For the 16th consecutive year, Alan Shawn Feinstein will divide $1 million among hunger fighting agencies nationwide using it to help them raise funds this March and April.
CareNet has been a beneficiary of a portion of these funds for the past several years due to the monetary and food donations from our generous community and supporters throughout Macon County.
The more donations made to CareNet - from March 1 to April 30 – the more Feinstein challenge money the agency will receive. Many agencies nationwide who have participated in past years have increased their donations two or three times their usual returns this time of the year.
Only donations or pledges received through April 30, from use of the Feinstein challenge, are counted. These donations can include cash, checks and food items (valued at $1.00 per item or pound) or pledges.
It is the intention of The Feinstein Foundation to proportionately divide $1,000,000 in grants among all charitable agencies complying with the guidelines. Typically the minimum amount a charitable organization will receive is a grant of $250 and the maximum is $35,000.

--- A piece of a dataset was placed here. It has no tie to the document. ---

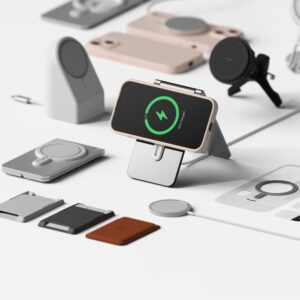 Ringke Slim Silicone Magsafe Matte Rear Case for Apple iPhone 15 - Pink Sand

Feinstein’s past annual spring $1 million challenges to fight hunger raised over $1.5 billion for hunger-fighting agencies and houses of worship nationwide helping the needy. Agencies should tell their donors that their donation toward this campaign makes them partners in the most successful ongoing effort ever to fight hunger; that is something they can truly take pride in.
A full report of the results of this 2013 Challenge will be posted at www.feinsteinfoundation.org in July.
About Alan Shawn Feinstein
Alan Shawn Feinstein, founder of the Feinstein Foundation, is a nationally known philanthropist and humanitarian. He has made an indelible impact on American education and public service that has spread throughout the country.
Since 1996, he has dedicated his full time to philanthropic endeavors, focusing on the advancement of public service and the alleviation of hunger. He founded the World Hunger Program at Brown University, the first university center to study and try to end the causes of hunger, launched the World Hunger Brigade, a program which encourages middle school students to study hunger and design programs to fight it, the Feinstein International Famine Center at Tufts University which carries out projects designed to help reduce hunger in countries around the world, and the Center for a Hunger Free America at the University of Rhode Island.